§ **DATASET**
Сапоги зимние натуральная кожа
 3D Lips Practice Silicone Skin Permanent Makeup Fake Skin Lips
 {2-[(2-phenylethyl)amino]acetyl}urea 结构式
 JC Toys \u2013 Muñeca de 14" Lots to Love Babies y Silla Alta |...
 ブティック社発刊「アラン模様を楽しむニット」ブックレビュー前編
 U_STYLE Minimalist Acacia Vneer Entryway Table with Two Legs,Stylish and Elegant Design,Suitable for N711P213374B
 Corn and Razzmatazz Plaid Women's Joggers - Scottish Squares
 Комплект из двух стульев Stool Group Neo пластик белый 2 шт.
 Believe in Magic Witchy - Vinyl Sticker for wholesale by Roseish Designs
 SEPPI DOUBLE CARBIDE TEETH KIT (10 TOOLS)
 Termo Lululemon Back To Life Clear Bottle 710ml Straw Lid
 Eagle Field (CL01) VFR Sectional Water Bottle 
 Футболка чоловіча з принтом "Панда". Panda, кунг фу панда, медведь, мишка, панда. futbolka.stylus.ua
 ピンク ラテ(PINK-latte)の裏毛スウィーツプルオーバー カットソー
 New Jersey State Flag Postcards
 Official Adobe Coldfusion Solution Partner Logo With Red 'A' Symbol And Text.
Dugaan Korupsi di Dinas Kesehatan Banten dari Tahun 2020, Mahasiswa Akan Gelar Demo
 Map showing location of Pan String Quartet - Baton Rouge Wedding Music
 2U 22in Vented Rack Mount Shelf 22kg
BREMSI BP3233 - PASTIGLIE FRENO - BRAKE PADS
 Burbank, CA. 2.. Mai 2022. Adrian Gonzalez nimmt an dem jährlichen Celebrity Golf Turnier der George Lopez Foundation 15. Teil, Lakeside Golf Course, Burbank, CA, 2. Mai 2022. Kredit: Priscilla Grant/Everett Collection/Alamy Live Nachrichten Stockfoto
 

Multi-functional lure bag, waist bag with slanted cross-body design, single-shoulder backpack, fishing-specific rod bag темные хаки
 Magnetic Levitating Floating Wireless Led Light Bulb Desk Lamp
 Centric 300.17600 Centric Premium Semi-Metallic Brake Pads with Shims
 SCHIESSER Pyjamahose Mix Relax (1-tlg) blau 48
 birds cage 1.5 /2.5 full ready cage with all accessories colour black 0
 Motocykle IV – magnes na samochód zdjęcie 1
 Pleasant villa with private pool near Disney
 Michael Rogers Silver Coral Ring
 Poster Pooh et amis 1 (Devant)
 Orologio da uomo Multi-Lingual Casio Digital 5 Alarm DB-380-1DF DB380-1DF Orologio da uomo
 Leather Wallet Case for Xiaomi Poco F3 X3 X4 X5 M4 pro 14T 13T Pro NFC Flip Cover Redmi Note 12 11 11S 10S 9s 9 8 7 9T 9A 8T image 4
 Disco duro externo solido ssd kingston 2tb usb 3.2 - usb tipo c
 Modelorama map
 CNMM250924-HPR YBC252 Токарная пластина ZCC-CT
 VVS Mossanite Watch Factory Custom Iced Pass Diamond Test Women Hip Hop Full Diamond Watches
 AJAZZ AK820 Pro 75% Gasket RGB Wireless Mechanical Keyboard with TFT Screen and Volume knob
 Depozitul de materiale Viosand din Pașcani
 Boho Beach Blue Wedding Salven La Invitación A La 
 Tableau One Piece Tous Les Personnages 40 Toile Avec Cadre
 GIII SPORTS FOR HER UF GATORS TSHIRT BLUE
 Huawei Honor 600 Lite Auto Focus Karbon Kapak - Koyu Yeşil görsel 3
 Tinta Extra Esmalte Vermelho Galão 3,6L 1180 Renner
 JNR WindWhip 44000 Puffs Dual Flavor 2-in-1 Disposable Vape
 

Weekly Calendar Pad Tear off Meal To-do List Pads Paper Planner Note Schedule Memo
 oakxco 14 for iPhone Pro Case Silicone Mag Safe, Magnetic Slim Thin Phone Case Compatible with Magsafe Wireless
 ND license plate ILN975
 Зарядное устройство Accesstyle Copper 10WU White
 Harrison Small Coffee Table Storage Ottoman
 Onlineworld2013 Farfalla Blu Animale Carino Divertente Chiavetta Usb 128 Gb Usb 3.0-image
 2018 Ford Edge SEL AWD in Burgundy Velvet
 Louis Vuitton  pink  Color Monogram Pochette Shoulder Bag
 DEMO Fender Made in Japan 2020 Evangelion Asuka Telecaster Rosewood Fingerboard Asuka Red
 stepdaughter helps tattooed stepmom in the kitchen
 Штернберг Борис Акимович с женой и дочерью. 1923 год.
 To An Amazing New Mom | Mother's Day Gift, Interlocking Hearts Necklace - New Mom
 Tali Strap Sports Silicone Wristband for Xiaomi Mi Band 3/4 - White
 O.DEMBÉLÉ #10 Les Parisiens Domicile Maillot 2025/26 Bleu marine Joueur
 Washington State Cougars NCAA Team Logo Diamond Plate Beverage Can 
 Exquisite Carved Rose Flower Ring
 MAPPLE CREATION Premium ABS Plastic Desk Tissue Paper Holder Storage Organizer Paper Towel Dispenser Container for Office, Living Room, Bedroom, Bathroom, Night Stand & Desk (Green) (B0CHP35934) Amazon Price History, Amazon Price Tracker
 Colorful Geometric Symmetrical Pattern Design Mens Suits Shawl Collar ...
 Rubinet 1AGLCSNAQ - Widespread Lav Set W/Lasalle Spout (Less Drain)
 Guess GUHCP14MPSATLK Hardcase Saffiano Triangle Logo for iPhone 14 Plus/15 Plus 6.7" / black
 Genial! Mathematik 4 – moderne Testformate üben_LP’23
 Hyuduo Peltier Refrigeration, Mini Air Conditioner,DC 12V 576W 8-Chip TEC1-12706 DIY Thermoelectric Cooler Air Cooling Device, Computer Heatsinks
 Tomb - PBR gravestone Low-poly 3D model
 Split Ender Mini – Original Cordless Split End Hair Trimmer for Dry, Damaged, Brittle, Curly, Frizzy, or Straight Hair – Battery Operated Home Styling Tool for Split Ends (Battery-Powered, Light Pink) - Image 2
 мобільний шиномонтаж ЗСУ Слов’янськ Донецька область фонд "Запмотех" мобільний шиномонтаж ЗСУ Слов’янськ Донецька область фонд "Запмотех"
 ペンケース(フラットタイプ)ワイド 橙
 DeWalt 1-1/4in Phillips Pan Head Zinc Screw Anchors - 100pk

§ **DESCRIPTION OF THE TASK**
Could you set down, exactly as written, the lines above between the one holding "birds cage 1.5" and the one holding "Weekly Calendar Pad", inclusive, and nothing more?

§ **ANSWER BELOW**
 birds cage 1.5 /2.5 full ready cage with all accessories colour black 0
 Motocykle IV – magnes na samochód zdjęcie 1
 Pleasant villa with private pool near Disney
 Michael Rogers Silver Coral Ring
 Poster Pooh et amis 1 (Devant)
 Orologio da uomo Multi-Lingual Casio Digital 5 Alarm DB-380-1DF DB380-1DF Orologio da uomo
 Leather Wallet Case for Xiaomi Poco F3 X3 X4 X5 M4 pro 14T 13T Pro NFC Flip Cover Redmi Note 12 11 11S 10S 9s 9 8 7 9T 9A 8T image 4
 Disco duro externo solido ssd kingston 2tb usb 3.2 - usb tipo c
 Modelorama map
 CNMM250924-HPR YBC252 Токарная пластина ZCC-CT
 VVS Mossanite Watch Factory Custom Iced Pass Diamond Test Women Hip Hop Full Diamond Watches
 AJAZZ AK820 Pro 75% Gasket RGB Wireless Mechanical Keyboard with TFT Screen and Volume knob
 Depozitul de materiale Viosand din Pașcani
 Boho Beach Blue Wedding Salven La Invitación A La 
 Tableau One Piece Tous Les Personnages 40 Toile Avec Cadre
 GIII SPORTS FOR HER UF GATORS TSHIRT BLUE
 Huawei Honor 600 Lite Auto Focus Karbon Kapak - Koyu Yeşil görsel 3
 Tinta Extra Esmalte Vermelho Galão 3,6L 1180 Renner
 JNR WindWhip 44000 Puffs Dual Flavor 2-in-1 Disposable Vape
 

Weekly Calendar Pad Tear off Meal To-do List Pads Paper Planner Note Schedule Memo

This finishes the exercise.